I’m pleased to release a third beta of my macOS virtualising app for Apple silicon Macs, Viable. This addresses problems with virtual display resolution and quality, and I’m particularly grateful to Greg for the testing he has done, and the invaluable pointers that he provided.
When an app using Apple’s Virtualization framework configures the virtual display device used by a macOS guest, it passes three integers: two for the display dimensions, and its pixel density in pixels/inch. Careful choice of those can result in a virtual display which is scaled correctly but very slightly fuzzy, or one that is as crisp and clear as the host’s.
When using a Retina display, one way to guarantee optimum clarity is to put the virtual display into HiDPI mode, normally by supplying doubled display dimensions. So if you want the virtual display to fill a Studio display, set its dimensions to 5120 x 2880 rather than the nominal dimensions of the maximum window size, 2560 x 1440. Unfortunately, when your VM first starts up with those dimensions, it will size its virtual display to 5120 x 2880 without HiDPI, and you have to engage 2560 x 1440 HiDPI in its Displays pane.
Worse still, there are two situations in which you can’t engage HiDPI: when a VM undergoes personalisation and configuration on its first run, and in Recovery mode (supported only on Ventura hosts).

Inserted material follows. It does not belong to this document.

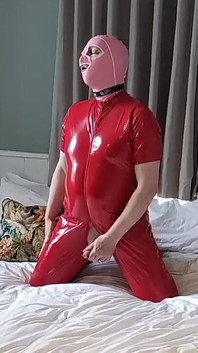 Het maskerad spermaslut i full röd pvc -kattdräkt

I prefer running my VMs at a resolution of 1600 x 1000, so this is what I set Viable to:
- for the first run after installing macOS in a new VM, 1600 x 1000 at 80 ppi and no HiDPI;
- once a VM has been fully installed and set up, 1600 x 1000 at 80 ppi with HiDPI turned on, and the Displays pane in the guest set to 1600 x 1000 HiDPI, for a completely crisp virtual display that also scales well even to full screen;
- for Recovery Mode, 1600 x 1000 at 80 ppi and no HiDPI.

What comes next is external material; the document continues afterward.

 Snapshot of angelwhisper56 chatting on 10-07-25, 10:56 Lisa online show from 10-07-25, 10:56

Viable beta 3 now gives you complete control to experiment as you wish. It’s available from here: viable1b3
I have other writing commitments over the coming week, and will then be returning to virtualising Linux. Unfortunately, because of the limitations of the Virtualization framework, GUI Linux will require Ventura, but I also intend providing a command-line Linux for Monterey and later.